Я могу вспомнить лишь один случай, когда Ельцин занялся цензурой, – после октября 1993 года была запрещена коммунистическая пресса, призывавшая в том числе к физическому уничтожению президента. Главные редакторы демократических СМИ, чьи медиа, кстати, поддержали Ельцина в этом противостоянии и повесить которых, кстати, призывала коммунистическая пресса, тогда обратились к Борису Николаевичу с просьбой отменить этот запрет. Это была принципиальная наша позиция. Мы обсуждали ее, конечно, и у нас на «Эхе», где это предложение Корзуна было принято единогласно, хотя голосования, в общем, не проводилось. В тот момент после подавления мятежа важнее было разрешить даже погромные листки. Это был первый шаг на пути от отношения к медиа по принципу «нравится – не нравится», причем если не нравится, то мы его закроем, а нравится, то пока не закроем. Для нас это было важнее, чем та непосредственная угроза, которую в тот момент распространяла коммунистическая, красно-коричневая пресса с призывами к убийствам. И президент услышал нашу точку зрения и через месяц отменил запрет.

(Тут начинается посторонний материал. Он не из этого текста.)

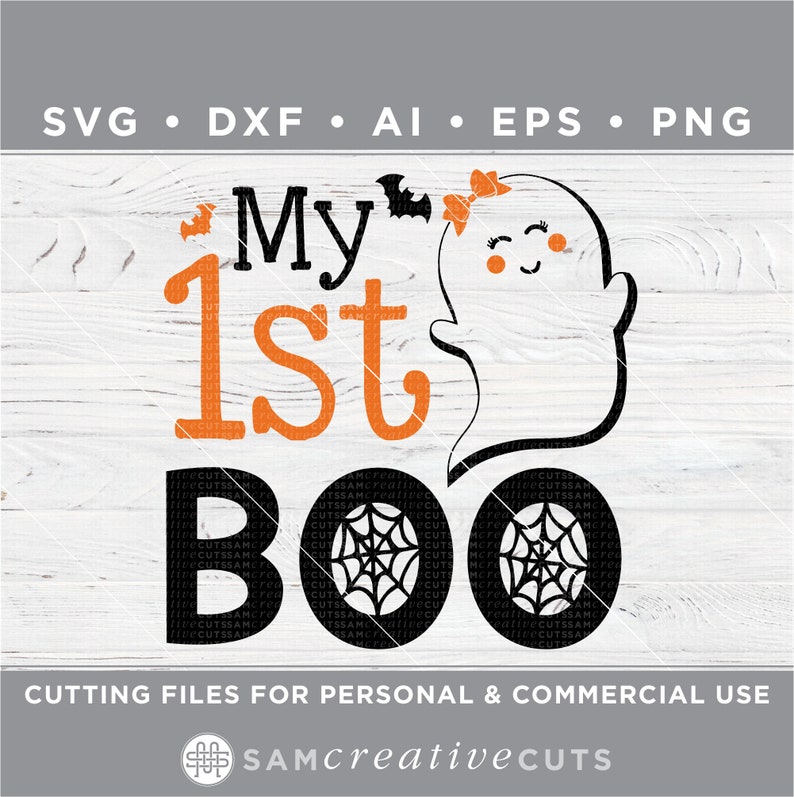 May include: Black and white digital cut file design featuring a ghost with a bow, a bat, and the text "My 1st Boo".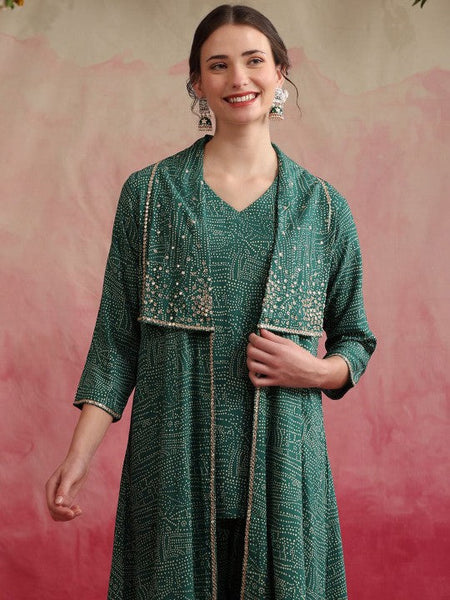 Women Abstract Printed Tunic With Trousers & Shrug Co-Ords set VitansEthnics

Ельцин понимал, что свобода слова – это хорошо и народ ее достоин. Я не буду говорить о том, сколько указов было принято в помощь СМИ, в том числе о налоговых льготах и т. д., благодаря которым была создана масса региональных газет, теле- и радиостанций. Стоит подумать об издании сборника этих указов в помощь прессе.

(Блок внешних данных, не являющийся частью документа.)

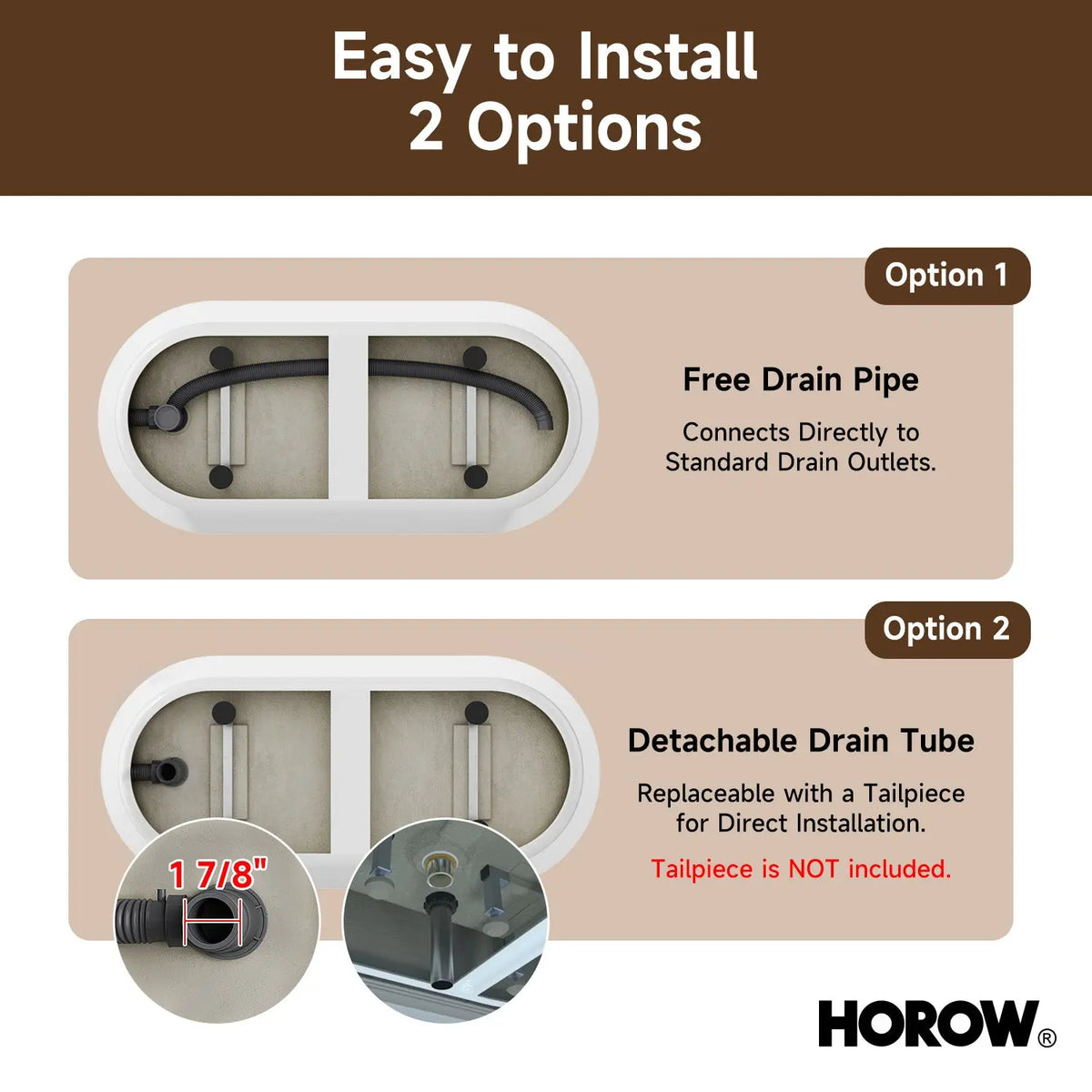 HOROW 59 Inch Deep soaking Tub Acrylic Freestanding Tub Model TU59-N-A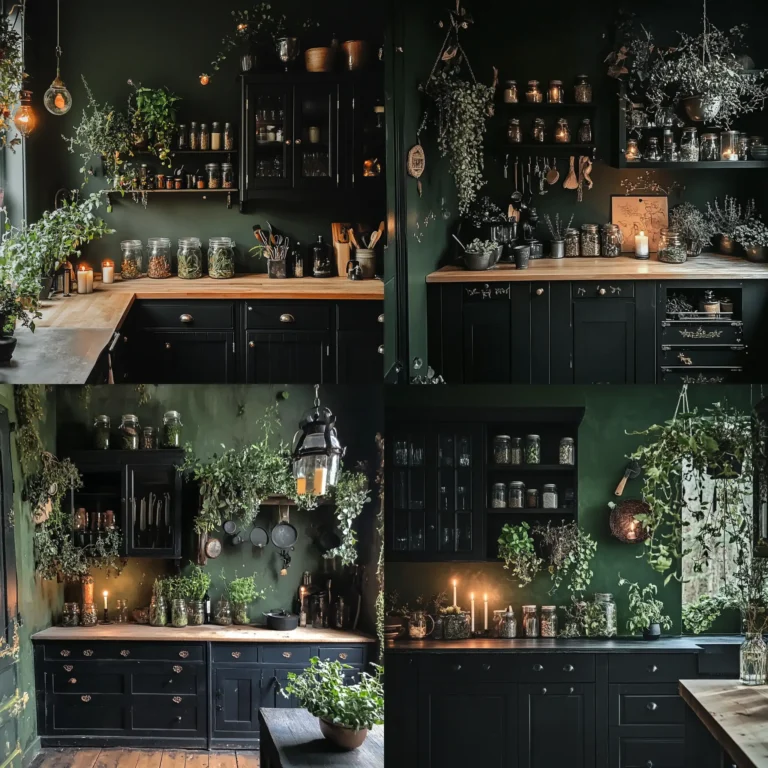Witchy kitchen with dark green walls and herbal plants in glass jars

Но если сам Борис Николаевич не стремился к контролю над «Эхом Москвы», то его люди стремились. Чубайс хотел контролировать «Эхо», например. Он был главой президентской администрации, а мы, как обычно, говорили в эфире, что хотели – и про него, и про историю со «Связьинвестом», и про шунтирование Бориса Николаевича и т. д. Тогда были знаменитые «пятницы» – консультации между главами медиа и руководителями администрации. Когда Чубайс стал главой администрации, он сразу же провел такое собрание. Я сходил. После чего вышел в коридор (а я еще не был главным редактором), Чубайс вышел вместе со мной, и я сказал: «Анатолий Борисович, я к вам больше ходить не буду. Я вам что, мальчик? Хотите меня найти – мой телефон известен. Я глава информационной службы «Эха Москвы». И с 1997 года я ни разу ни на одном совещании не был – ни у Громова, ни у Нарышкина, ни у кого из администрации президента.
Для Ельцина свобода слова была важнее, чем его личная безопасность. Все три федеральных телеканала существуют благодаря ему. При этом во главе этих каналов стояли неудобные для президента люди. Он точно понимал, что опираться можно только на то, что оказывает сопротивление. Когда Борис Николаевич ушел, моя молодая редакция, средний возраст сотрудников которой тогда был 25 лет, плакала…
* * *В 2017 году Юрий Дудь взял интервью у Ходорковского. В этом интервью я сформулировал для себя одну очень интересную вещь относительно Ельцина. Впервые об этом Ходорковский так подробно рассказал. Я подозревал, и мы с друзьями и коллегами это обсуждали – не очень-то, правда, в это веря, – что в 96-м году был выбор не между Ельциным и Зюгановым, а между Ельциным и тем, что Ельцин не отдаст власть в случае победы Зюганова, то есть государственным переворотом. Когда мы работали во время тех выборов, то могли лишь догадываться о таком раскладе, но Ходорковский впервые сказал об этом открыто, и спасибо Дудю, который вывел его на это признание. Все эти факты, безусловно, нуждаются в обсуждении и осмыслении.